Teacher Layoff Methodology

The Buffalo School District is trying to get in on a new piece of legislation before the state government that would remove the mandate that teacher layoffs be done by seniority. Instead, they want to terminate based on evaluations and other objective measures.

Hallelujah. It’s like someone realized that the best way to run our schools might not be to continue doing everything exactly the same way that’s been failing for years.

8 Responses to “Teacher Layoff Methodology”

  1. Dan says:

    They want to make it a competitive market? Who ever thought one of those would be a good idea?

  2. Pitt says:

    Must crush Capitalism! Mrar!

  3. Pitt says:

    “Not more than 50 percent of a teacher’s evaluation, for instance, should be based on student performance”

    That’s like saying no more than half of a Chef’s performance should be based upon how good his cooking is.

  4. Pitt says:

    “Removing seniority for teachers, they also warn, would spread to similar moves on other government jobs.”

    We could only hope…

  5. Dan says:

    If one person finds out that people get lazy when there’s no threat of getting fired, soon everybody will be “trying to keep their job.” Is that what you want? Hitler?

  6. Pitt says:

    Yup, I’m a Nazi. You got me.

  7. matt says:

    That’s like saying no more than half of a Chef’s performance should be based upon how good his cooking is.

    Assuming that a chef doesn’t get to pick out his raw materials, or his recipes, and is stuck in the back of a kitchen from 1972 with a broken stove.

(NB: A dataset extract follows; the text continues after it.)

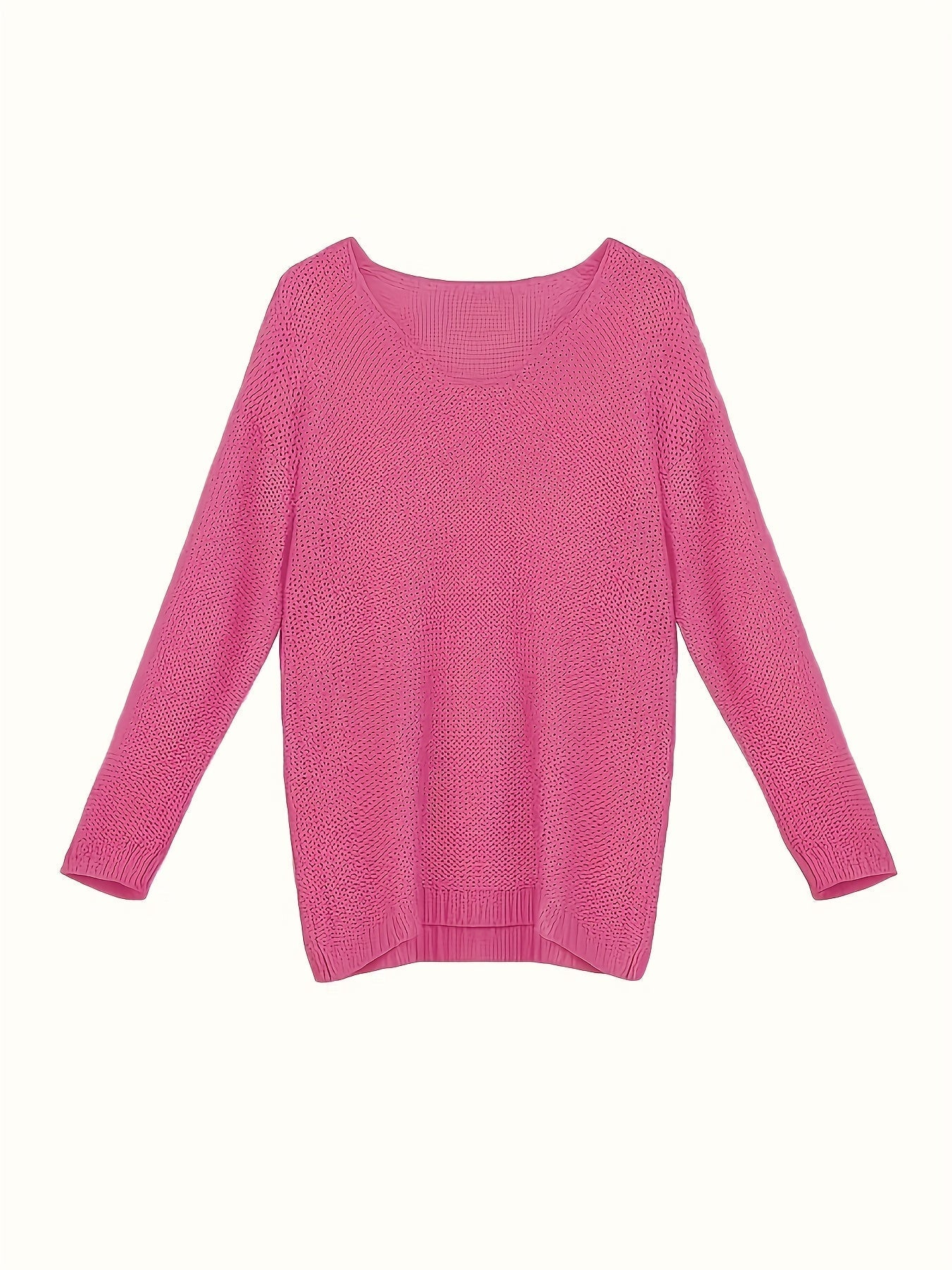 Solid V Neck Knitted Pullover Sweater, Casual Long Sleeve Sweater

    I agree that student performance shouldn’t be the entirety of the evaluation method, if only because there are so many factors beyond the control of an individual teacher. I would like to see more input from peers and from school principals make up the gap.

  8. matt says:

    Additionally, I question Rumore’s assumption that this will be used to cull higher paid teachers in favor of cheaper newcomers. I always thought that teachers were paid more over time because they were more useful and effective as employees – if their value isn’t scaling commensurate with their pay, maybe it’s time to look at the “step system” as well and stop giving lockstep raises to people independent of their performance.